--- Provided material ---
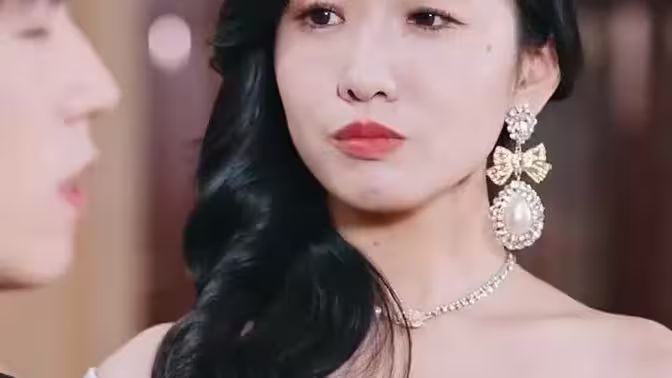 离婚后我让渣男倾家荡产第12集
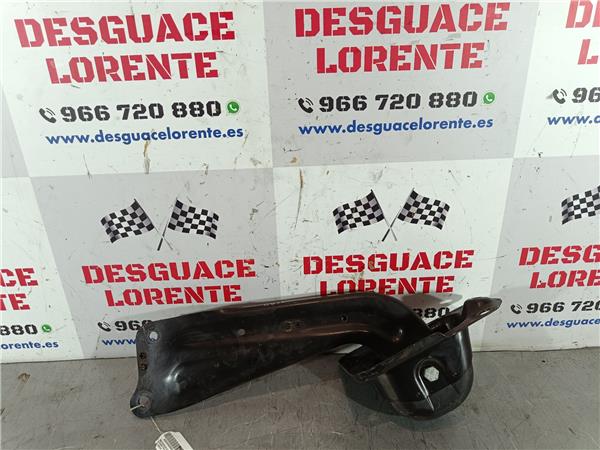 brazo superior trasero izquierdo volkswagen t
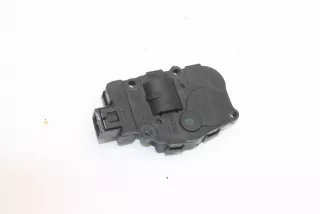 412650750 , art3448825 Заслонка печки/климат-контроля BMW 3 F30/F31/GT F34 Арт 3448825, вид 1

--- Problem to solve ---
Repeat nothing but the lines from the one containing "brazo superior trasero" through the last line of the listing, both included, exactly as written, and omit any picture.

--- Result of this exercise ---
 brazo superior trasero izquierdo volkswagen t
 412650750 , art3448825 Заслонка печки/климат-контроля BMW 3 F30/F31/GT F34 Арт 3448825, вид 1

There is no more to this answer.